__About this exercise__:
Each record must reappear in the answer exactly as it is written.

(Short web captions)
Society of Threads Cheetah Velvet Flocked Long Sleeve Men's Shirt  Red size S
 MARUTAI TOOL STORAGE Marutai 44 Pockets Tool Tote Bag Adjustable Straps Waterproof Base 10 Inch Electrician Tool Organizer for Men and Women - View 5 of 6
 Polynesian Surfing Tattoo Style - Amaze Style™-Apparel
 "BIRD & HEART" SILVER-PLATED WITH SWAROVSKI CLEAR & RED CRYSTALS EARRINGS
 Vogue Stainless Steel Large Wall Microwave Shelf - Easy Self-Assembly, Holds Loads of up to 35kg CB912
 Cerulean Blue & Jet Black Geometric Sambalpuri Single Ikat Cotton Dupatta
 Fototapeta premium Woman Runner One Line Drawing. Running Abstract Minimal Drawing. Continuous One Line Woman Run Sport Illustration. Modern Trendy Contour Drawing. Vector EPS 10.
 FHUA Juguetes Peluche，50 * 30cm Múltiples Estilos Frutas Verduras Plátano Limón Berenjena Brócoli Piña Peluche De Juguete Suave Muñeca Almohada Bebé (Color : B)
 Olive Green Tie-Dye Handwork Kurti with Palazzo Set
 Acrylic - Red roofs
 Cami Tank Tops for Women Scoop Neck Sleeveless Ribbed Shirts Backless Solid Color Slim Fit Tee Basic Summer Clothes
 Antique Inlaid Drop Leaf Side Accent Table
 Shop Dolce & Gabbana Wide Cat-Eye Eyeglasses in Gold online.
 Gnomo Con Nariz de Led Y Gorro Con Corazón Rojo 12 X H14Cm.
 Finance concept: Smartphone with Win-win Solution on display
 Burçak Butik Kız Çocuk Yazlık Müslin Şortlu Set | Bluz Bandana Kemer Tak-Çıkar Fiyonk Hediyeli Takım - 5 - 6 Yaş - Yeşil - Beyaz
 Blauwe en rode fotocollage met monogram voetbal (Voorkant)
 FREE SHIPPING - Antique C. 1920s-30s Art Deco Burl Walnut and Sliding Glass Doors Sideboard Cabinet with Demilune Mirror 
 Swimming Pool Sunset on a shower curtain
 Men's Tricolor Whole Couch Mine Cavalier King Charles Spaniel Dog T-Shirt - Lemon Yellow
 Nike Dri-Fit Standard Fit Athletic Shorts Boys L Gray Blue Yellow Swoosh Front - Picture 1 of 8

__Answer__:
Society of Threads Cheetah Velvet Flocked Long Sleeve Men's Shirt  Red size S
 MARUTAI TOOL STORAGE Marutai 44 Pockets Tool Tote Bag Adjustable Straps Waterproof Base 10 Inch Electrician Tool Organizer for Men and Women - View 5 of 6
 Polynesian Surfing Tattoo Style - Amaze Style™-Apparel
 "BIRD & HEART" SILVER-PLATED WITH SWAROVSKI CLEAR & RED CRYSTALS EARRINGS
 Vogue Stainless Steel Large Wall Microwave Shelf - Easy Self-Assembly, Holds Loads of up to 35kg CB912
 Cerulean Blue & Jet Black Geometric Sambalpuri Single Ikat Cotton Dupatta
 Fototapeta premium Woman Runner One Line Drawing. Running Abstract Minimal Drawing. Continuous One Line Woman Run Sport Illustration. Modern Trendy Contour Drawing. Vector EPS 10.
 FHUA Juguetes Peluche，50 * 30cm Múltiples Estilos Frutas Verduras Plátano Limón Berenjena Brócoli Piña Peluche De Juguete Suave Muñeca Almohada Bebé (Color : B)
 Olive Green Tie-Dye Handwork Kurti with Palazzo Set
 Acrylic - Red roofs
 Cami Tank Tops for Women Scoop Neck Sleeveless Ribbed Shirts Backless Solid Color Slim Fit Tee Basic Summer Clothes
 Antique Inlaid Drop Leaf Side Accent Table
 Shop Dolce & Gabbana Wide Cat-Eye Eyeglasses in Gold online.
 Gnomo Con Nariz de Led Y Gorro Con Corazón Rojo 12 X H14Cm.
 Finance concept: Smartphone with Win-win Solution on display
 Burçak Butik Kız Çocuk Yazlık Müslin Şortlu Set | Bluz Bandana Kemer Tak-Çıkar Fiyonk Hediyeli Takım - 5 - 6 Yaş - Yeşil - Beyaz
 Blauwe en rode fotocollage met monogram voetbal (Voorkant)
 FREE SHIPPING - Antique C. 1920s-30s Art Deco Burl Walnut and Sliding Glass Doors Sideboard Cabinet with Demilune Mirror 
 Swimming Pool Sunset on a shower curtain
 Men's Tricolor Whole Couch Mine Cavalier King Charles Spaniel Dog T-Shirt - Lemon Yellow
 Nike Dri-Fit Standard Fit Athletic Shorts Boys L Gray Blue Yellow Swoosh Front - Picture 1 of 8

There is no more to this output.